Available data: Begin
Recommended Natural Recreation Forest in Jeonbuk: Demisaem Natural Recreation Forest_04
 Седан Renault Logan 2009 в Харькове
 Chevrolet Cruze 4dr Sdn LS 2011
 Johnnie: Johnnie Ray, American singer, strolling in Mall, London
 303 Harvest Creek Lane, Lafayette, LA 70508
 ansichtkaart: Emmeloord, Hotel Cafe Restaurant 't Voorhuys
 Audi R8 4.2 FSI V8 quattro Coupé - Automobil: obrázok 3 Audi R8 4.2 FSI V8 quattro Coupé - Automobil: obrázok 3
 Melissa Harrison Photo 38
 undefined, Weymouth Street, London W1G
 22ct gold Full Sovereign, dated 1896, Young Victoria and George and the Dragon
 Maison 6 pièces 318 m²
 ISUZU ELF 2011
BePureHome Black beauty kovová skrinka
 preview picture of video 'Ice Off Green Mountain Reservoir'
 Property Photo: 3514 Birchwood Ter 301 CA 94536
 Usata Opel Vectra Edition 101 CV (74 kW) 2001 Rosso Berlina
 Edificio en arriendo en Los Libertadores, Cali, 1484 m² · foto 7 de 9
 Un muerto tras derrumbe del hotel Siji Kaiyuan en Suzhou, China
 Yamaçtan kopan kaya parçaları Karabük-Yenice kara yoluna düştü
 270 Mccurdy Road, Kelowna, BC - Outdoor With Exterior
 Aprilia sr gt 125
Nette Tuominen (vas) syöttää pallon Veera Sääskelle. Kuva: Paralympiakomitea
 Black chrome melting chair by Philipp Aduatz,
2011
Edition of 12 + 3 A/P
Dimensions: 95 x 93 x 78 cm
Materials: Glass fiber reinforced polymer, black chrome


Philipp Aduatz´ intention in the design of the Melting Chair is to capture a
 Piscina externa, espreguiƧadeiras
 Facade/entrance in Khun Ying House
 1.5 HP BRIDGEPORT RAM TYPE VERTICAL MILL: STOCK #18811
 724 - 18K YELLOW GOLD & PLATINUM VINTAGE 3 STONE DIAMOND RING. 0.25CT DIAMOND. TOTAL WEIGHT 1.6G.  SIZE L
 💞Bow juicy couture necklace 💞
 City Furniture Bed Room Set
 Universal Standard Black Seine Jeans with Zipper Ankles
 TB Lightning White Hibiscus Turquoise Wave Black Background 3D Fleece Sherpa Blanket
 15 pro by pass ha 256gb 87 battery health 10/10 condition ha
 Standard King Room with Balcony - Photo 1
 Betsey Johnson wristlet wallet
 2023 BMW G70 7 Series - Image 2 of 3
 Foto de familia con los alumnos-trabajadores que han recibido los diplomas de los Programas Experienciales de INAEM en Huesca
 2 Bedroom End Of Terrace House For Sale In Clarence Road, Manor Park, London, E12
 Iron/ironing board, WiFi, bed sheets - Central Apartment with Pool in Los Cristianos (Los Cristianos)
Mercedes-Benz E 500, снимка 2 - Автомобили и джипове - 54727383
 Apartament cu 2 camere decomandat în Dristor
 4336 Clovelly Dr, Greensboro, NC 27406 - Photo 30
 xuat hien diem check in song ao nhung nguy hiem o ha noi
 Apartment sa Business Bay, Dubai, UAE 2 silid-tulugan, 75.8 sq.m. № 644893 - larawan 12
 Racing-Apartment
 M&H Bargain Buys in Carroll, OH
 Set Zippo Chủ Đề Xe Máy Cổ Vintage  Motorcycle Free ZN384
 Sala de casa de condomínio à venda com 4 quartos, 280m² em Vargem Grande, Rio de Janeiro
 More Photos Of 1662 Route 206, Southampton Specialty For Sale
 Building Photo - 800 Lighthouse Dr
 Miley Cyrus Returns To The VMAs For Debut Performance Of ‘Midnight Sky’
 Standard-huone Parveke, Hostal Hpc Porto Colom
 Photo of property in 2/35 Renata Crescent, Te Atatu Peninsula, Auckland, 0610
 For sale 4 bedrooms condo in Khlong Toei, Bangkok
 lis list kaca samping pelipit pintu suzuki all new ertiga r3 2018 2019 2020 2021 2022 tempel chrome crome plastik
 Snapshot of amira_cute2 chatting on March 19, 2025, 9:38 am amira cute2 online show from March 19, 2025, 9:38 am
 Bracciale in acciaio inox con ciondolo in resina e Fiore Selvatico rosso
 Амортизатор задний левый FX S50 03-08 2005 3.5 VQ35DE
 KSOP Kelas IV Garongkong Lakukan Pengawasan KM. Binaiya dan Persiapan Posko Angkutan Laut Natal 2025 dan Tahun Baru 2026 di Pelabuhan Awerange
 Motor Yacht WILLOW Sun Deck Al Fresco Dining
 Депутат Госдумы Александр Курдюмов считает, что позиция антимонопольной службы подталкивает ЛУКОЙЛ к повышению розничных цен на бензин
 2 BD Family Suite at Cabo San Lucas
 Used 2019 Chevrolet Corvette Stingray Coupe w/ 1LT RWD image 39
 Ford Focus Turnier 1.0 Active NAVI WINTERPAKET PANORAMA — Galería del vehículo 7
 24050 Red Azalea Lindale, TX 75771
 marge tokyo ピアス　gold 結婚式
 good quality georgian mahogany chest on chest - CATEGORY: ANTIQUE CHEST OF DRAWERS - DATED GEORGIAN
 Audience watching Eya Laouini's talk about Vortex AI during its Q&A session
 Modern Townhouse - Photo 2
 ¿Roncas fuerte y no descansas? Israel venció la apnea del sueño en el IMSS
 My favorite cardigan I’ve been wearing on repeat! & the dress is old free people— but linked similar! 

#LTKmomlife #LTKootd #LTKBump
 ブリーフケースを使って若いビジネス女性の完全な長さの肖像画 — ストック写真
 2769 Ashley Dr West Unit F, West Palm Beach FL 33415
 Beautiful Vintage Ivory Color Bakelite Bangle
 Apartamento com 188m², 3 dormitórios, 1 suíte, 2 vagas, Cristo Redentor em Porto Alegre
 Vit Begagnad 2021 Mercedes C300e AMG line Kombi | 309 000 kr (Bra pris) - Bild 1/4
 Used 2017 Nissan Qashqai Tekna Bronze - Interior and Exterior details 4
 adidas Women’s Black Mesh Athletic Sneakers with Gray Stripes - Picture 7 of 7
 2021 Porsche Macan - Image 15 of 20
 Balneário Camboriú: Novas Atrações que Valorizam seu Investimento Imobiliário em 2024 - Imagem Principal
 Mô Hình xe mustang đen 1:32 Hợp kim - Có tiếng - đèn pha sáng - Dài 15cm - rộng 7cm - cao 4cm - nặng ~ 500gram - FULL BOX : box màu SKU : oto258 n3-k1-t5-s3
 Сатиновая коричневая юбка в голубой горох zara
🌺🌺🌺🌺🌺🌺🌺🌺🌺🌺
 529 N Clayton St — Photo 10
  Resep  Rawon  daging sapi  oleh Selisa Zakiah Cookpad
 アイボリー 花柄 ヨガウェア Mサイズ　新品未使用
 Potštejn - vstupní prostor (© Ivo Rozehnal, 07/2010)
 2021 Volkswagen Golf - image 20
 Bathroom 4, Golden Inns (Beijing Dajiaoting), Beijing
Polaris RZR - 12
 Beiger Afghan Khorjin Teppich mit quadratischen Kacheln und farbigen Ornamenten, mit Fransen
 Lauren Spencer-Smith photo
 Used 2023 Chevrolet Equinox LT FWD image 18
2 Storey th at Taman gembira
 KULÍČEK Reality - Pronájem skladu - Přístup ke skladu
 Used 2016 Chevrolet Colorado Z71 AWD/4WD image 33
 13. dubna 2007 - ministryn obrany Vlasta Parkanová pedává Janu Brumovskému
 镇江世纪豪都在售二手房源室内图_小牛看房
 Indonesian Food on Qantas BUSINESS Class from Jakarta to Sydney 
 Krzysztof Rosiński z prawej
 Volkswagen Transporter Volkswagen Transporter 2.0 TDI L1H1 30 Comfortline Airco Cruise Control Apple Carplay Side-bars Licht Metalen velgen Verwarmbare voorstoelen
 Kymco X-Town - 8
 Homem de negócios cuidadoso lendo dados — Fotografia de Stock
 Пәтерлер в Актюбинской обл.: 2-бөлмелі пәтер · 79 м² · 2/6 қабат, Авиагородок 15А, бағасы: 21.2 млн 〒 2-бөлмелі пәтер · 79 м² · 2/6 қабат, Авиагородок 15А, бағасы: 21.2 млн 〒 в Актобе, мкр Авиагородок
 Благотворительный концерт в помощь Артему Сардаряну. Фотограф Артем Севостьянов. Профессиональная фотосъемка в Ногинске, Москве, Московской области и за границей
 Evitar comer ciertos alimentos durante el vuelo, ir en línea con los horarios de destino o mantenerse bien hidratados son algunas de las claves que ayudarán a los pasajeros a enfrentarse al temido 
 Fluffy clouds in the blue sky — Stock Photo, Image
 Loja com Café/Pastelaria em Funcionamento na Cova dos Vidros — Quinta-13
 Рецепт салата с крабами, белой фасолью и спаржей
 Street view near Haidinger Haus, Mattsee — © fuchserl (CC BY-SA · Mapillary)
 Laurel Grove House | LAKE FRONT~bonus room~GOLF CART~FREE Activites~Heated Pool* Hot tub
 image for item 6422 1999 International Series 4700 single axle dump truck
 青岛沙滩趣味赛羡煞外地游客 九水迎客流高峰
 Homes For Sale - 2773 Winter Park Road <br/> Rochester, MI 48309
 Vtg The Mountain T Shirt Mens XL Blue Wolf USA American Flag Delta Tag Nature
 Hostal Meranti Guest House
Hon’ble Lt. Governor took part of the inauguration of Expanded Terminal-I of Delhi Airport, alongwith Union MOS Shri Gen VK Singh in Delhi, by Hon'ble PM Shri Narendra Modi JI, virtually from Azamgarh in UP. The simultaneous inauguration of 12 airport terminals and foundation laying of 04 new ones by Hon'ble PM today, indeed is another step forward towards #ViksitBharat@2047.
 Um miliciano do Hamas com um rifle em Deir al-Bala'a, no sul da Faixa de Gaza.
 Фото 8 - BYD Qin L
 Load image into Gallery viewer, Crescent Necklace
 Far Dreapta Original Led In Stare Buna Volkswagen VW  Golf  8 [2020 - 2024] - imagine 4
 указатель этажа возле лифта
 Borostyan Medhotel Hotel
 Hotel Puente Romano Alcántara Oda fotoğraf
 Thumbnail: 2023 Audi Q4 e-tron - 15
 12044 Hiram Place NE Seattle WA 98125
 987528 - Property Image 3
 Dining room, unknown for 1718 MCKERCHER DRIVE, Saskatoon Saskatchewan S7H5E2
Available data: End
The problem
Retype, exactly as written, everything from the first line of the data above through the line containing "Maison 6 pièces 318 m²". Nothing else should appear.

Solution
Recommended Natural Recreation Forest in Jeonbuk: Demisaem Natural Recreation Forest_04
 Седан Renault Logan 2009 в Харькове
 Chevrolet Cruze 4dr Sdn LS 2011
 Johnnie: Johnnie Ray, American singer, strolling in Mall, London
 303 Harvest Creek Lane, Lafayette, LA 70508
 ansichtkaart: Emmeloord, Hotel Cafe Restaurant 't Voorhuys
 Audi R8 4.2 FSI V8 quattro Coupé - Automobil: obrázok 3 Audi R8 4.2 FSI V8 quattro Coupé - Automobil: obrázok 3
 Melissa Harrison Photo 38
 undefined, Weymouth Street, London W1G
 22ct gold Full Sovereign, dated 1896, Young Victoria and George and the Dragon
 Maison 6 pièces 318 m²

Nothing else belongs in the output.